Un currículum, un currículum… si yo me demoré veinte minutos en el mío, qué podría esperarse para el de Meissner, un desconocido para mí hasta antes de estrechar su diestra: odontólogo, pintor, arquitecto y músico… al menos esas fueron las actividades que deslizó en el diálogo, pero sin duda alguna, otra sorpresa debe esconder el profesor.

Pese a ser un hombre de avanzada edad, Eduardo Meissner sigue más vigente que nunca, y aunque la pérdida de visión en su ojo siniestro le impide expresar sus ideas en las telas, su lengua recoge su pensamiento y lo dibuja con la gama más amplia de colores, formas y matices.

Como hombre culto, está pendiente de todo lo que ocurre a su alrededor y, pese a que se define como un “optimista”, no pierde ocasión para criticar a sus dos blancos predilectos: los políticos y los líderes de las sectas, credos y religiones.

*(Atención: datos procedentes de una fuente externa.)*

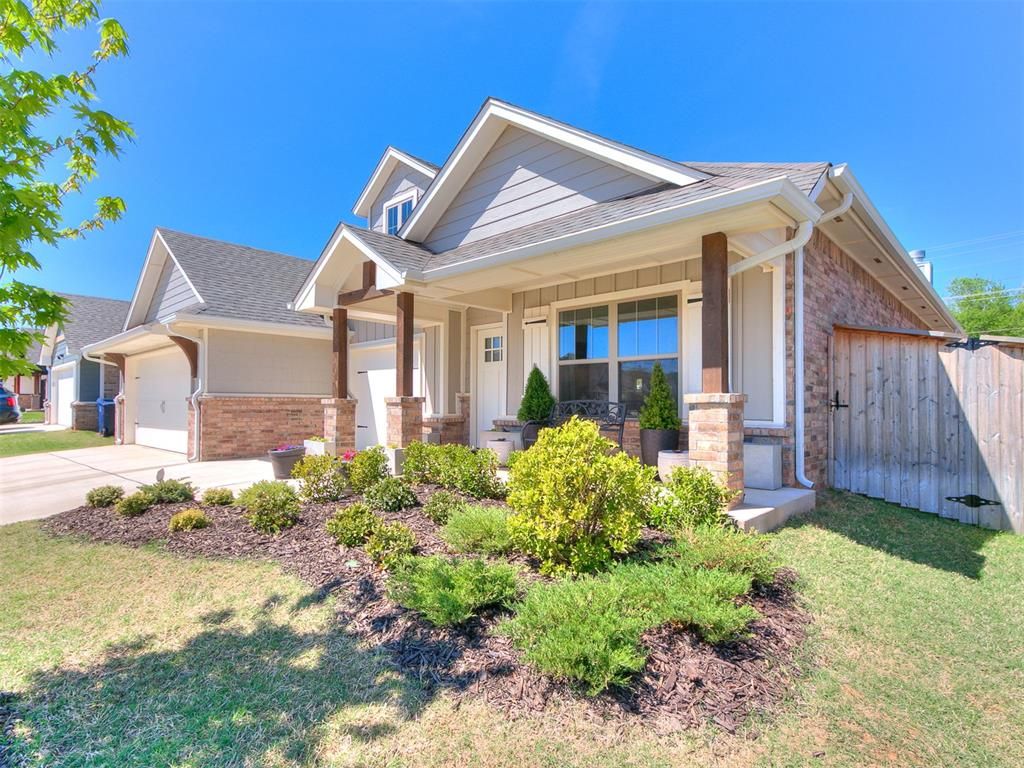 12413 SW 30th Street, Yukon, OK 73099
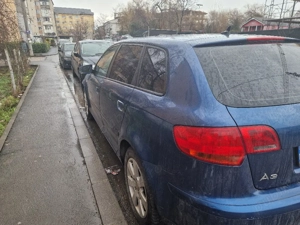 Vand Audi A 3 - imagine 5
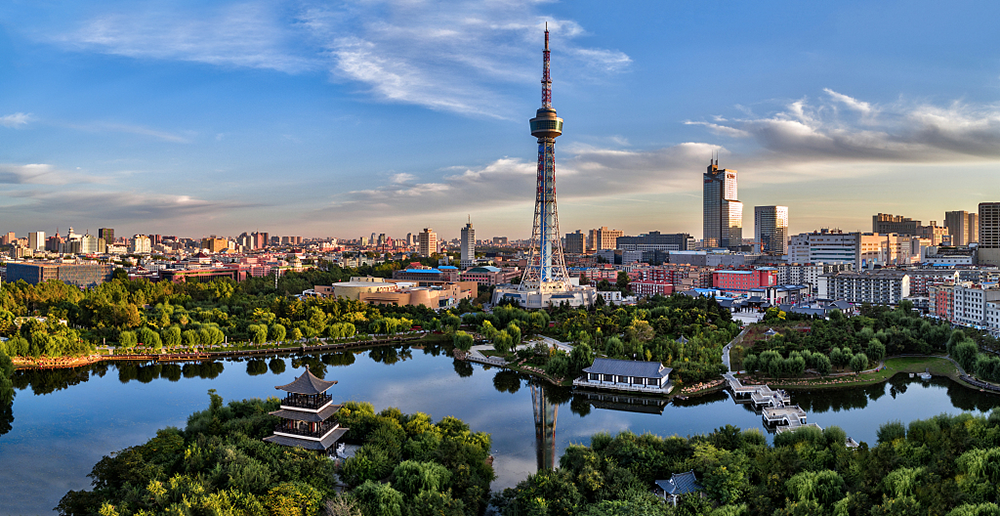 北国魅力,吉林风光无限好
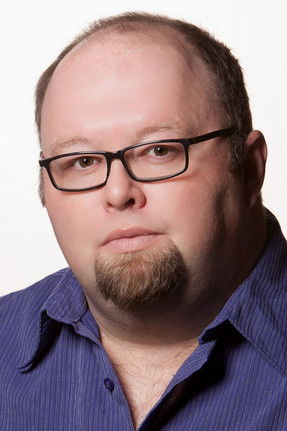 David C. Hayes as Narrator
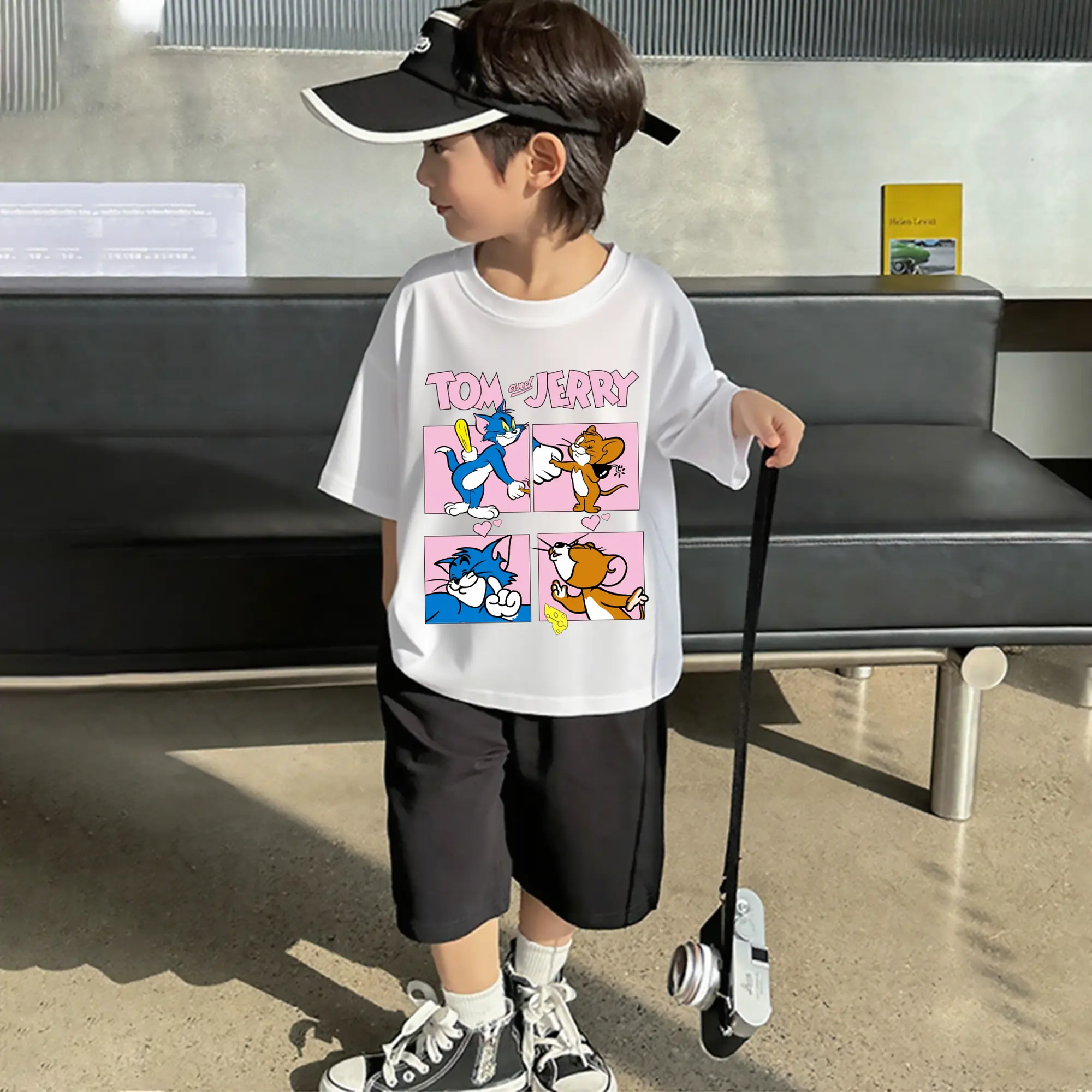 トムとジェリー グッズ トム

Para el maestro, estas dos actividades han perdido su esencia social y existencial para transformarse en objetos de consumo, transables bajo una lógica mercantil. Con osadía, plantea que el cristianismo debiera unirse bajo una sola gran alianza, dejar atrás las diferencia de forma y concentrarse en lo que es el fondo, lo esencial.

Pero esta idea, loca para muchos, no es sólo una isla dentro del pensamiento de Meissner, sino que se fundamenta en lo que él entiende como una “dialéctica creacionista”, que no sólo se produce en lo macro, como la sociedad, sino que dentro del mismo ser humano y también del artista.

Fueron esos choques de tesis y antítesis los que forjaron el estilo pictórico de Eduardo Meissner, que se inició como un artista del pincel aficionado y que movido por sus estudios, experiencias y el acontecer socio-político fue mutando su manera de dar vida a sus pinturas.

Sin embargo, lo que jamás tranzó fue el gran tema de toda su obra y que lo motivó a crear vida con paletas y pinceles: el Eros, pero no sólo en su lógica del erotismo entendido como algo sexual, sino que el Eros como expresión de luz, de vida, de fecundidad, de supremacía del bien sobre el mal, de lo erótico sobre lo tanato.

Meissner “descorrió las nubes de su mente”, cantaría Silvio, y habló de lo tanato y lo erótico. Del colega comunista al que cobijó durante los primeros meses del Golpe de Estado y de la(s) musa(s) inspiradora(s), de las atrocidades del nacionalsocialismo y de los placeres de la carne.

Con un relato cansino, pero intenso, lleno de matices, anécdotas y una rigurosidad histórica pasmante, el maestro presentó, en un viaje de una hora, al Eduardo pintor inexperto, al Eduardo alumno del Colegio Alemán, al Eduardo clarinetista, al Eduardo odontólogo, al Eduardo arquitecto y al Eduardo pintor consagrado, todos miembros de una misma cadena evolutiva del artista y vistos desde la óptica del que probablemente es ya el último Eduardo Meissner.

Alejado de la soberbia y del Olimpo que atrapa a algunos creadores, vestido con un humilde chaleco de lana andina color blanco radiante, que hacía juego con su cano cabello y que le ayudaba a resaltar aún más sus ojos claros, el maestro irradió relajo -tanto que calzaba zapatillas de descanso- y estuvo abierto y dispuesto a sostener un diálogo franco con un grupo de inexpertos estudiantes y sin currículum.